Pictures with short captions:
────────

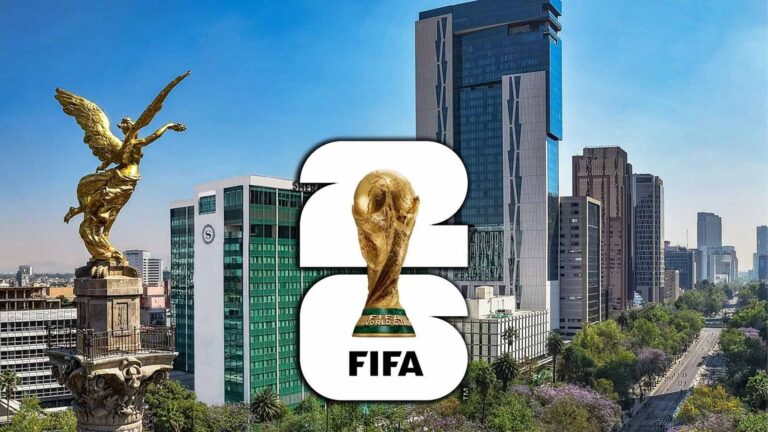 FIFA cancela 800 habitaciones rumbo al Mundial 2026 en CDMX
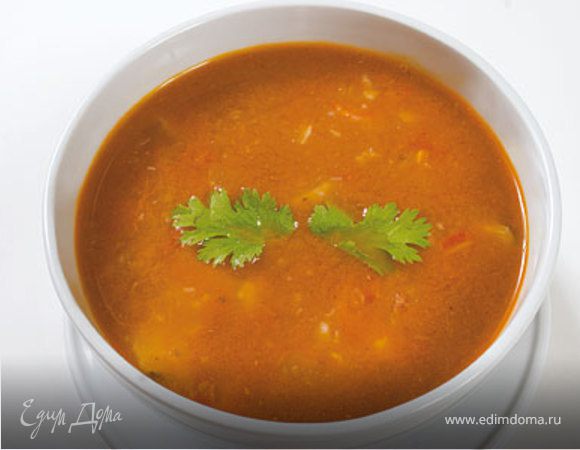 Рыбный суп с креветками Рыбный суп с креветками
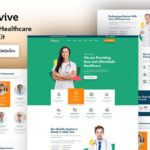 Revive - Medical Elementor Template Kit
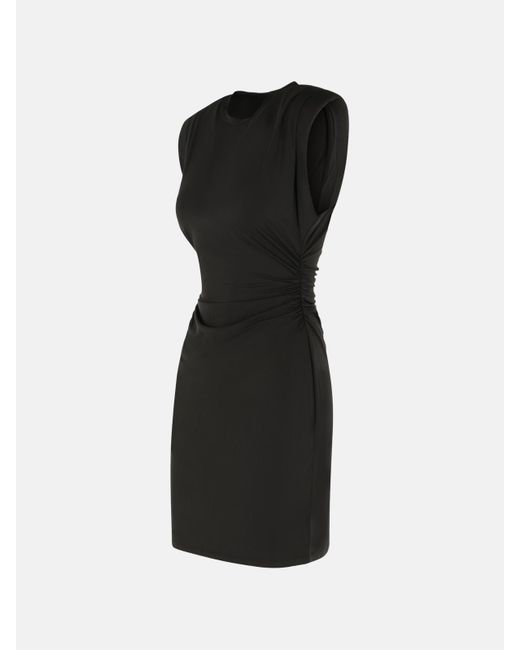 MICHAEL Michael Kors Black Viscose Blend Mini Dress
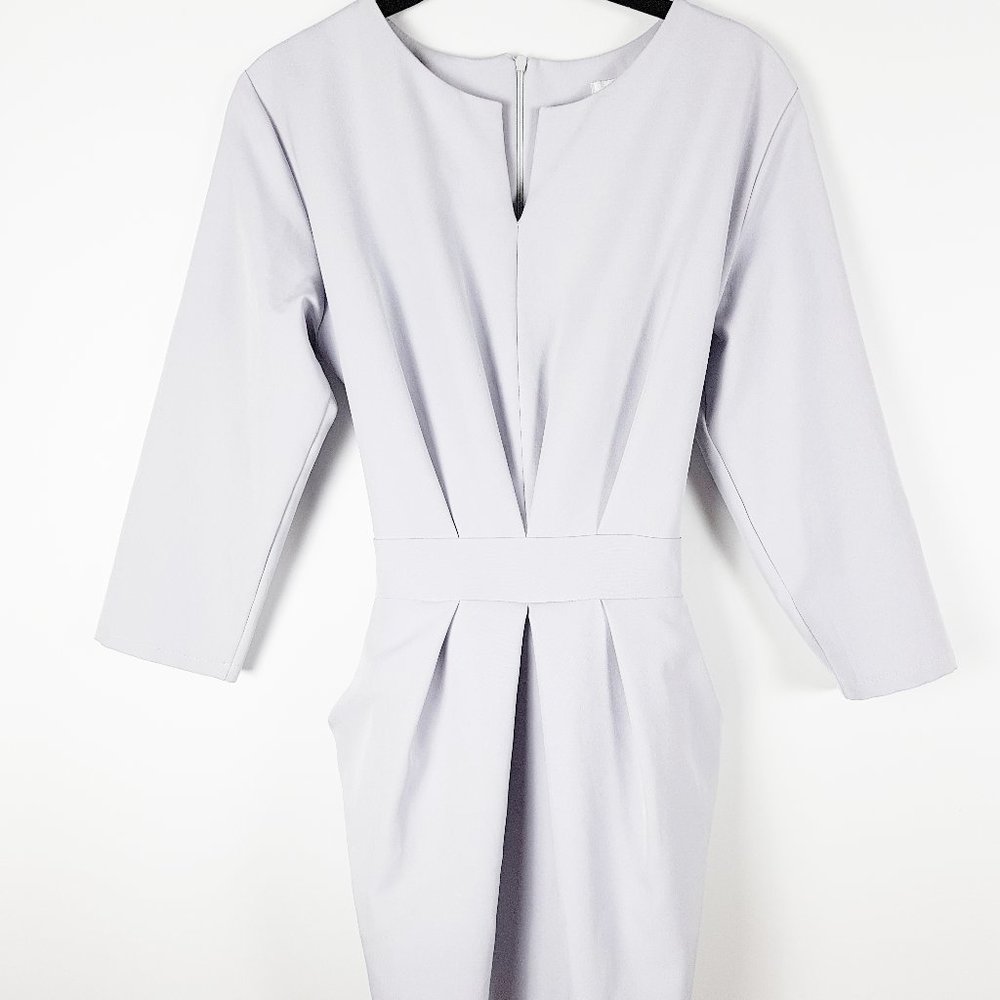 European Boutique 3 Quarter Length Sleeve Dress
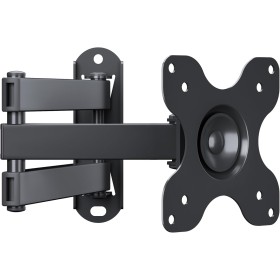 BONTEC Soporte TV Pared para Monitors y Televisores de LCD/LED/Plasma de 13-30 Pulgadas de hasta 15 kg, Soporte Monitor Pared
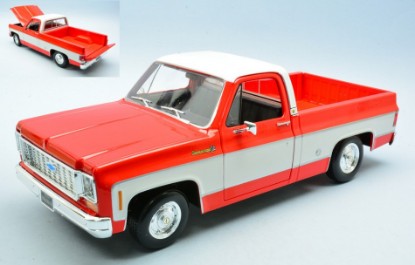 Immagine di CHEVROLET C10 CHEYENNE SUPER 1974 RED 1:18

────────

Give the preceding data back exactly, minus every picture.

RESULT OF THIS EXERCISE:
 FIFA cancela 800 habitaciones rumbo al Mundial 2026 en CDMX
 Рыбный суп с креветками Рыбный суп с креветками
 Revive - Medical Elementor Template Kit
 MICHAEL Michael Kors Black Viscose Blend Mini Dress
 European Boutique 3 Quarter Length Sleeve Dress
 BONTEC Soporte TV Pared para Monitors y Televisores de LCD/LED/Plasma de 13-30 Pulgadas de hasta 15 kg, Soporte Monitor Pared
 Immagine di CHEVROLET C10 CHEYENNE SUPER 1974 RED 1:18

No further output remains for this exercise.